SOME FLOWERS can be frustratingly fleeting in their beauty. Often it’s the most stunning blooms that are virtually here today, gone tomorrow.
I place Watsonia in this category and, having grown a couple of clumps for many years, I’m relieved when the summer sun pops behind a cloud for an hour or so and the mercury takes a tumble.
Normally, the star-faced tubes in glistening – almost luminous – salmon-apricot will unfold at breakfast time and start to fade by supper.

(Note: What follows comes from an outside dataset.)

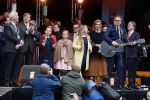 Tilburg 27 april 2017
Koningsdag in tilburg. Aanwezige leden van de koninklijke familie zijn, Koning Willem Alexander Koningin Maxima Prinses Amalia Ariane Alexia, Prins Constantijn prinses Laurentien Prins Maurits Prinses Marilene Prins Bernhard jr Prinses Annette Prins Floris Prinses Aimee Prins Pieter Christiaan en Prinses Anita. Guus Meeuwis en Gers Pardoel zingen ze toe.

The consolation, however, is that there is an abundance of these tubes on each stem, so the dazzling array is nicely prolonged.
Watsonias, with more than 50 species to their name, hail from grassy slopes and plateaux in South Africa and Madagascar, many of them thriving in the wild in the south-west Cape, eastern Cape, Natal and the Transvaal.
They grow from corms and vary in height from 1ft to 5ft, though the vast majority bought in the UK will be Watsonia pillansii, aka beatricis, or one of the numerous hybrids bred from it.
With its handsome, sword-shaped leaves, this species reaches anywhere between 20in and 48in and loves life in the sun – and that’s the paradox here, with excessive heat and sunshine considerably reducing its flower power.
Although perennial, watsonias are not entirely hardy, though my plants have come through our occasional bone-chilling winters here in the south-west to fight another season.
For gardeners “up north” where the risk of frost is commonplace, I’d recommend planting the corms in pots plunged straight into their site and lifting in late autumn to the comfort of a greenhouse or a frost-free shed.
The larger of my clumps currently has an impressive 20 stems, the best effort to date, so it has clearly relished the sizzling July in helping to build up bud strength.
Other than being sun-lovers, these southern hemisphere glories are content in any soil and you’ll find a few species listed in specialist catalogues. As for your local garden centre – it’s a possibility, but no guarantees.
Which reminds me – I must look out for hybrids that are mauve, red or white as a striking contrast to my present lodgers.
Incidentally, some of the species’ names are a challenge to remember and to get your tongue around, such as Watsonias fourcadei (5ft), knysnana (3ft), versfeldii (4ft) and vanderspuyae (4ft).
Although I cannot be certain – and I’m no Latin scholar! – I’ve a feeling the last-named was bred by the late Una van der Spuy, a renowned South African plantswoman whose wonderful encyclopedia, Wild Flowers of South Africa for the Garden, regularly gets grabbed from my bookshelf and its pages fervently turned.
✴ Wonderful but ephemeral watsonias: Top and centre – two views of Watsonia pillansii in my garden showing the fading lower blooms; above – a cluster of watsonia hybrids, as illustrated in Una’s encyclopedia.